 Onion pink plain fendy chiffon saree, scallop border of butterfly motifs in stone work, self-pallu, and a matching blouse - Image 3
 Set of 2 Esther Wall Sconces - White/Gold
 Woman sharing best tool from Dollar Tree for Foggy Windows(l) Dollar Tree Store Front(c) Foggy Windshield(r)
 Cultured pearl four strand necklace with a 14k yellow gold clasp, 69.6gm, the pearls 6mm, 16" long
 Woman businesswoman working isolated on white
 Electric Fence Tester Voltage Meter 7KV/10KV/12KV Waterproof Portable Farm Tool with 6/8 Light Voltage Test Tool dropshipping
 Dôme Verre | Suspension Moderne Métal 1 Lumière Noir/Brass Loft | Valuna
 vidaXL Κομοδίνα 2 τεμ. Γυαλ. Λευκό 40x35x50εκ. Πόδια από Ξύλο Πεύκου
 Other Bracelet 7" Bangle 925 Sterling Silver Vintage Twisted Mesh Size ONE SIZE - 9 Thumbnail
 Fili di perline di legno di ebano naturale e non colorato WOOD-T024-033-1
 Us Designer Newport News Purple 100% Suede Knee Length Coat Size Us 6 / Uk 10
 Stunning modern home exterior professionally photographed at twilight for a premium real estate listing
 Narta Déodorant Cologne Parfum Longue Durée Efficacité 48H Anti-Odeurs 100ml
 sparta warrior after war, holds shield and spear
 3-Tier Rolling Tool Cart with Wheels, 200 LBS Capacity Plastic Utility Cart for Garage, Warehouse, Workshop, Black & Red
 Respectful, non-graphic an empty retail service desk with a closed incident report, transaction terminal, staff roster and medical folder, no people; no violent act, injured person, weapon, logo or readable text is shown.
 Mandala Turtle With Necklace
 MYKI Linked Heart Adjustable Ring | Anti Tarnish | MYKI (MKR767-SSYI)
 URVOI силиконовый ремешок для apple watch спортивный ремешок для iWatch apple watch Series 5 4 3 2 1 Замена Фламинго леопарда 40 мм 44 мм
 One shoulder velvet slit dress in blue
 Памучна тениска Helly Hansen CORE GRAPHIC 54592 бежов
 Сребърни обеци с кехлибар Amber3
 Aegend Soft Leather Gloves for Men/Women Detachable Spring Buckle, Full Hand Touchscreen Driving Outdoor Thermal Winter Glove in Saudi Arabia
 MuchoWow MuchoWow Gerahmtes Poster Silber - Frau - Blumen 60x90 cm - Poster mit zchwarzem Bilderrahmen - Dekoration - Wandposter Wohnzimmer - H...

• Exercise
Up to and including the line that contains "Set of 2 Esther Wall Sconces - White/Gold", output the records above exactly, beginning with their first line.

• Task solution
 Onion pink plain fendy chiffon saree, scallop border of butterfly motifs in stone work, self-pallu, and a matching blouse - Image 3
 Set of 2 Esther Wall Sconces - White/Gold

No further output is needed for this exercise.